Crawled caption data
**********
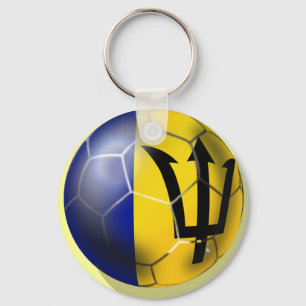 Barbados soccer football ball Bajan flag Key Ring
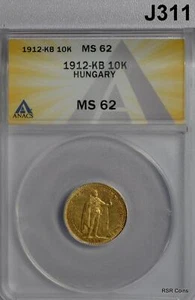 1912 KB GOLD 10 K HUNGARY ANACS CERTIFED MS62 NICE! #J311 - Picture 1 of 3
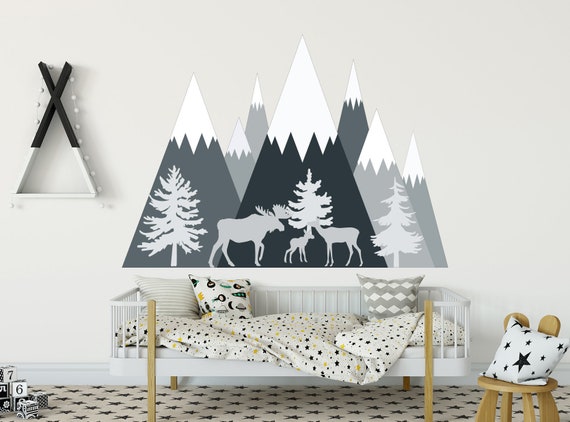 Mountain Wall Decal Baby Boy Nursery. Moose Family Wall Decal. - Etsy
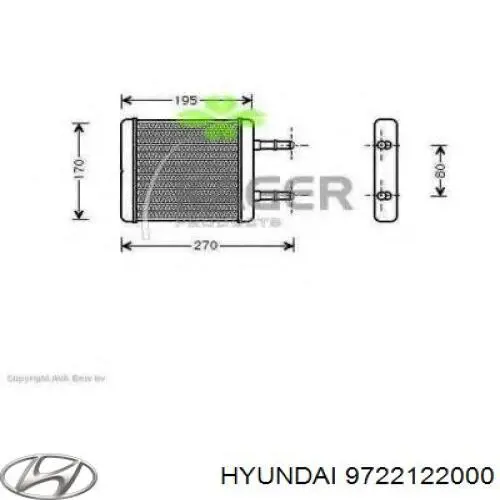 Comprar 9722122000 Hyundai/Kia Radiador calefacción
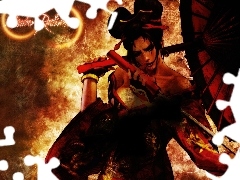 Parasol, Soul Calibur, Kobieta, Ogień, Setsuka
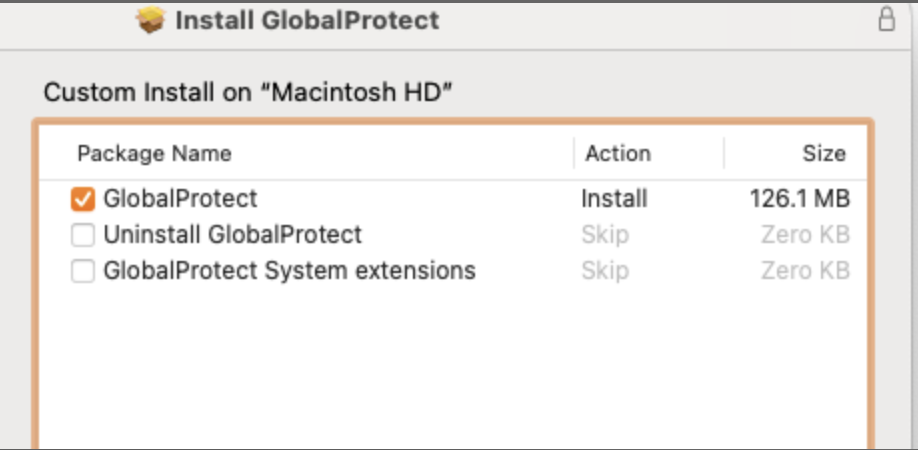 Screenshot of GlobalProtect Install Screen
**********
-- Goal of the exercise --
Pictures aside, every entry above must be repeated exactly.

-- Solution to this exercise --
 Barbados soccer football ball Bajan flag Key Ring
 1912 KB GOLD 10 K HUNGARY ANACS CERTIFED MS62 NICE! #J311 - Picture 1 of 3
 Mountain Wall Decal Baby Boy Nursery. Moose Family Wall Decal. - Etsy
 Comprar 9722122000 Hyundai/Kia Radiador calefacción
 Parasol, Soul Calibur, Kobieta, Ogień, Setsuka
 Screenshot of GlobalProtect Install Screen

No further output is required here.